Saudi Arabia Machinery and equipment n.e.c. 1.979 34,4% High: strong presence of project cargo and industrial supplies; high sensitivity to energy and freight rates
Pharma and chemical-medicinal 715 12,4%
Base metals and metal products 523 9,1%
Food, beverages and tobacco 425 7,4%
Means of transportation 397 6,9%
United Arab Emirates Jewelry / gemstones 1.285 15,2% Medium-high: regional logistics hub; high value transferable by air but vulnerable to maritime slowdowns
General purpose machines 632 7,5%
Other general-purpose machines 532 6,3%
Precious and nonferrous metals 493 5,8%
Clothing 423 5,0%
Qatar General purpose machines 482 27,4% Very high: Gulf interior country, high logistical/insurance risk
Other general-purpose machines 210 12,0%
Oman General purpose machines 97 22,7% Media: more logistics options but still exposed to increased costs and insurance
Other general-purpose machines 72 16,8%
Motor vehicles 28 6,5%
Steel pipes/pipes 20 4,6%
Kuwait Aircraft and aerospace devices 902 51,1% Very high: strong focus on complex shipments and sensitive contracts
Steel pipes/pipes 117 6,6%
Bahrain Machinery and equipment n.e.c. 51 19,1% High: industrial mix + consumer goods; domestic market in the Gulf
Chemistry 42,6 16,0%
Means of transportation 32,1 12,0%
Textiles/clothing 23,3 8,7%
Food/beverages 21,8 8,2%
Iraq Other special-purpose machines 118 13,7% High: mechanics and components related to industrial projects
Other general-purpose machines 102 11,8%
General purpose machines 96 11,1%
Steel pipes/pipes 82 9,5%
Medicines 37 4,2%

 

When the cost of energy rises sharply or supplies are reduced, companies tend to slow down investment programs, postpone industrial projects and curb spending on capital goods. 

According to an analysis reported by Reuters, Asia and Europe are among the most exposed areas to any disruption in LNG flows via Hormuz, partly because of the limited spare capacity available in the global liquefied gas market. In a tight supply environment, even a temporary disruption can generate prolonged price tensions. 

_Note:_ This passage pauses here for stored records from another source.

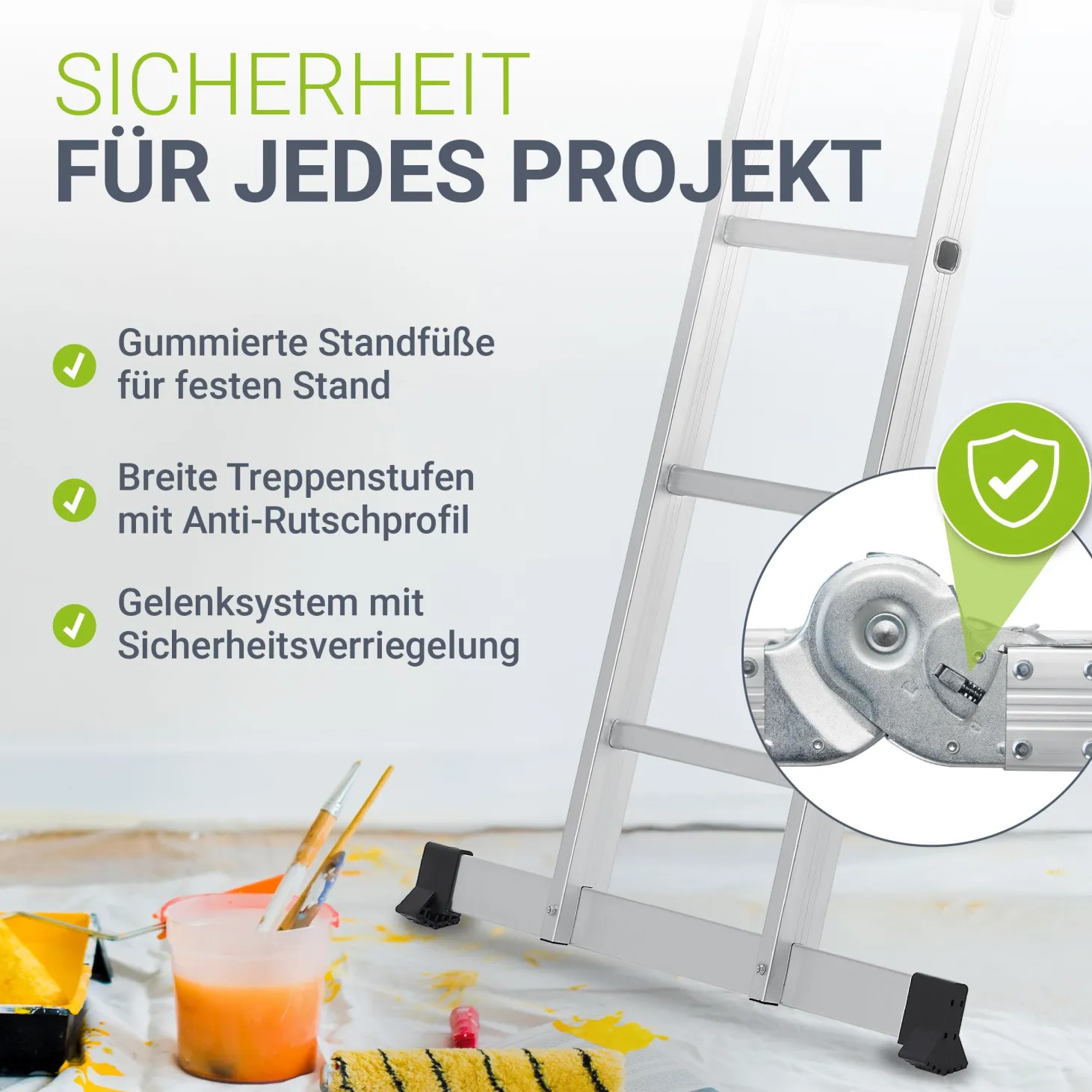 Aluminium Multifunktionsleiter Leiter mit 4 klappbaren Elementen, 6 Gelenke & Anti-Rutsch-Profil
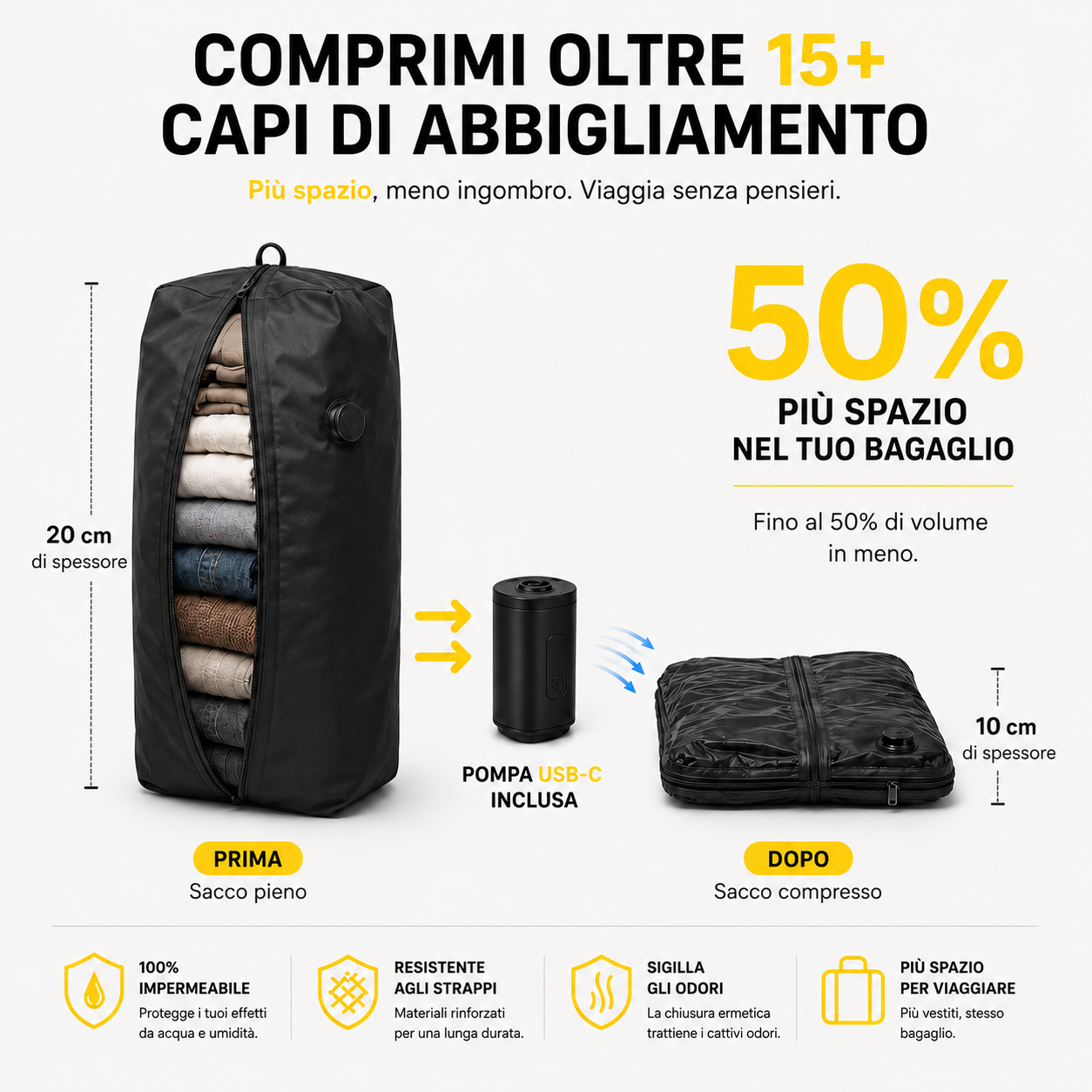 Travelora™ La sacca sottovuoto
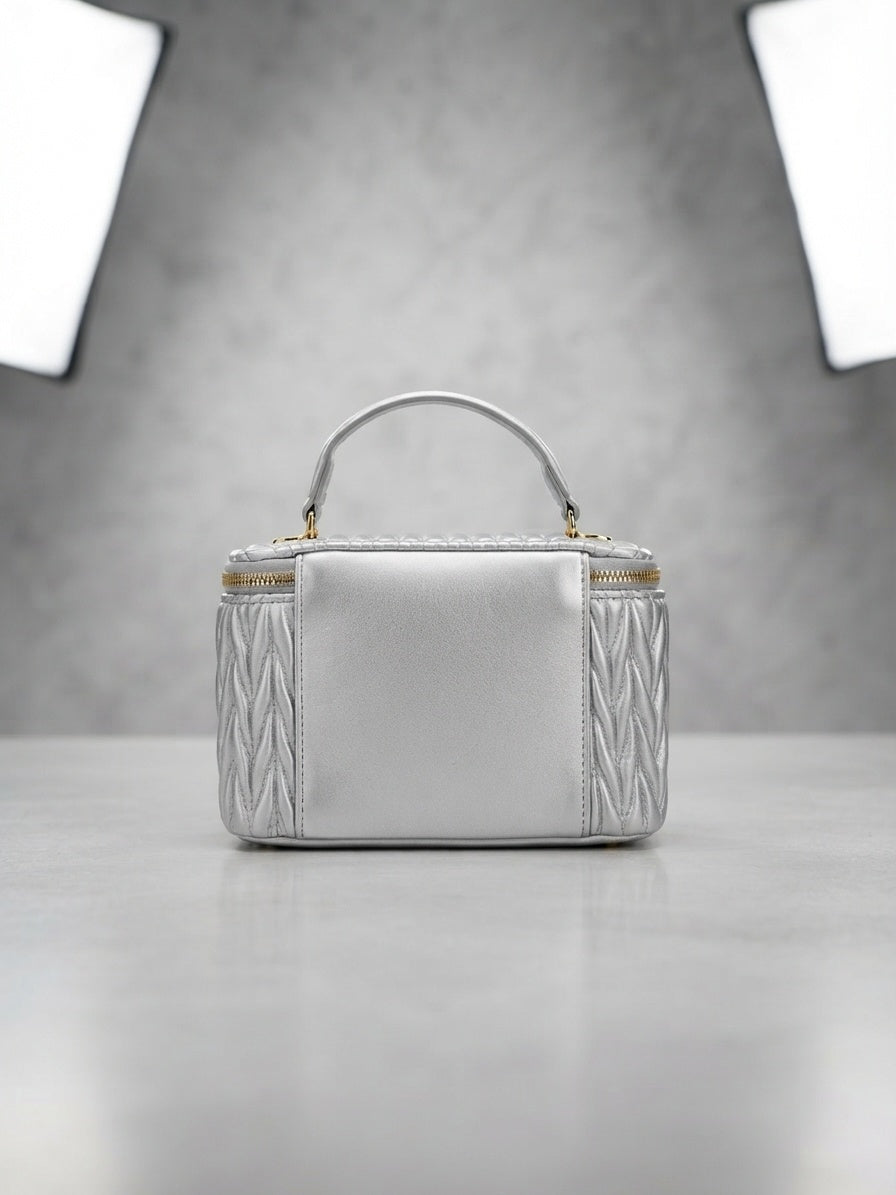 miu miu Matelassé leather vanity cosmetic case in silver, front view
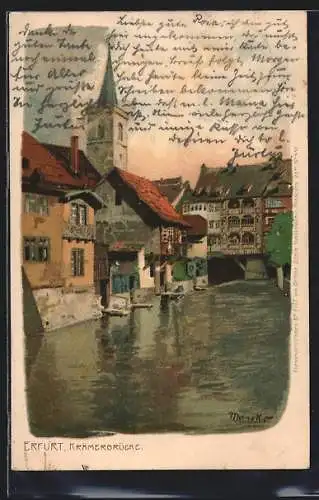 Lithographie Erfurt, Blick auf die Krämerbrücke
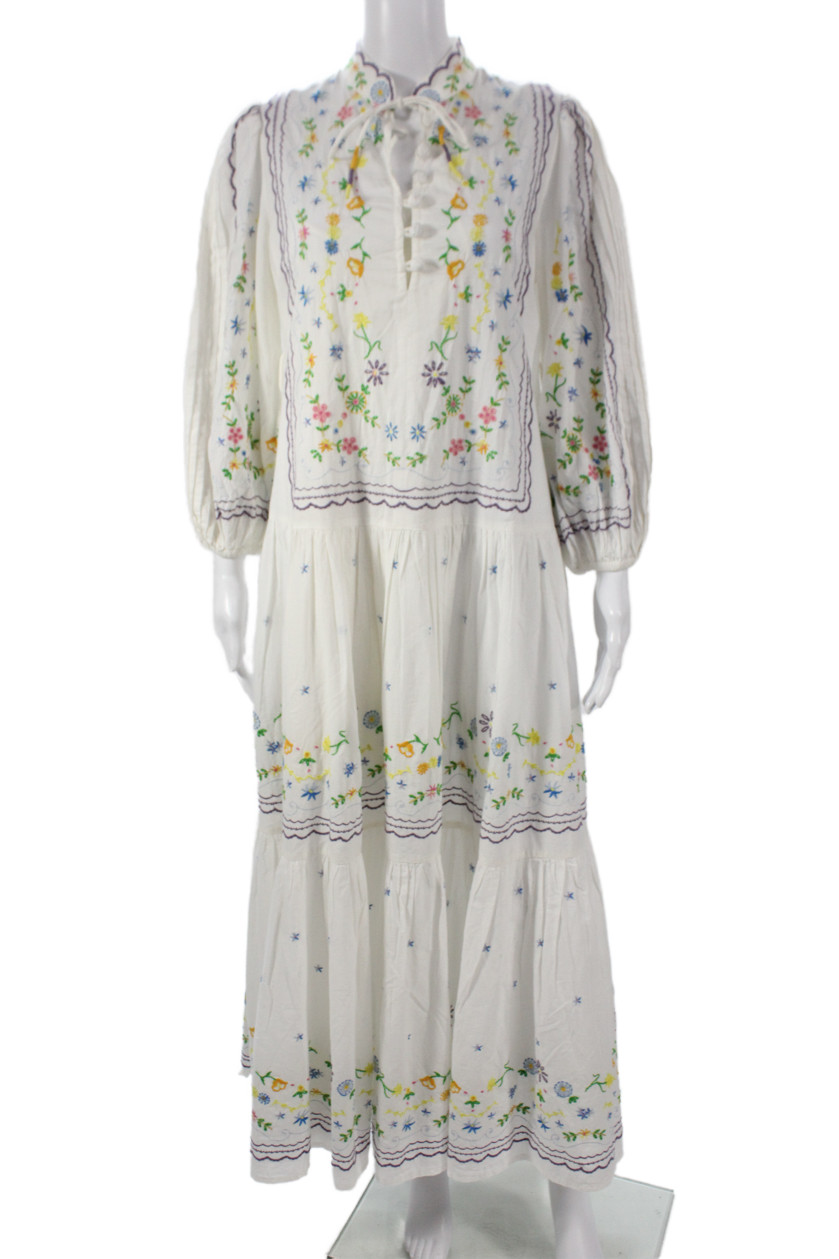 Alemais Women Maxi Shirt Dress White Floral Cotton 3/4 Sleeve Button Size 4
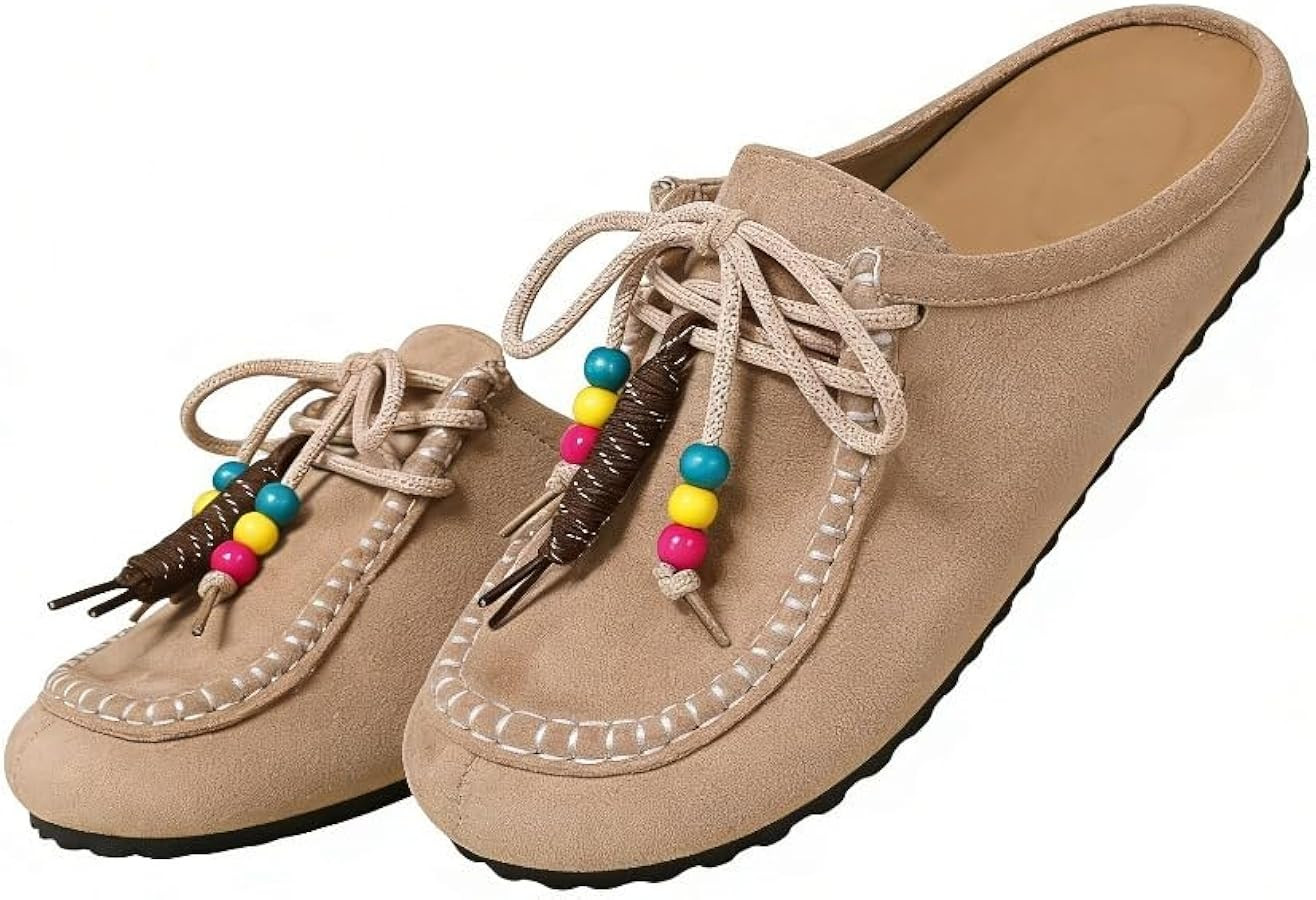 Women's Cork Footbed Suede Mules Boho Beaded Tassel Vintage Slip-On Clogs with Arch Support, Soft... | Amazon (US)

For Italian exports, this implies a possible indirect effect on the demand for machinery, plant engineering and industrial components, not only in Gulf countries but also along energy-intensive Asian and European supply chains. In other words, the impact of a crisis on Hormuz may propagate beyond the immediate geographic area involved, affecting end markets that absorb a significant portion of Italy's high-tech exports. 

 

What enterprises need to do: operational check 

In a scenario of Strait of Hormuz closed or severely restricted, the reaction of exporting enterprises cannot only be reactive: it must be structured and preventive. Operational priorities cover four key areas. 

  1. Contracting and Incoterms
    Careful review is needed of who bears any extra costs associated with freight, war risk insurance premiums, delays odemurrage. Force majeure clauses and provisions on price changes should also be reviewed to avoid unforeseen exposures. 
  2. Logistics and business continuity
    Alternative dirouting plans should be prepared, stockpiling at regional hubs should be evaluated (when economically viable), and performance indicators on lead time and service level should be updated to preserve reliability to the customer. 
  3. Prices and margins
    In the presence of energy volatility, price revision or energysurcharge mechanisms should be introduced, especially in energy-intensive sectors, to protect margins without compromising competitiveness. 
  4. Credit risk and financial instruments
    Volatility can also reflect on the financial strength of counterparties. It is therefore essential to monitor customer risk and, where appropriate, reinforce the use of letters of credit or bank guarantees.

In summary, risk management is not only logistical but contractual, financial and strategic: preparing in advance allows you to limit the impact and preserve business continuity.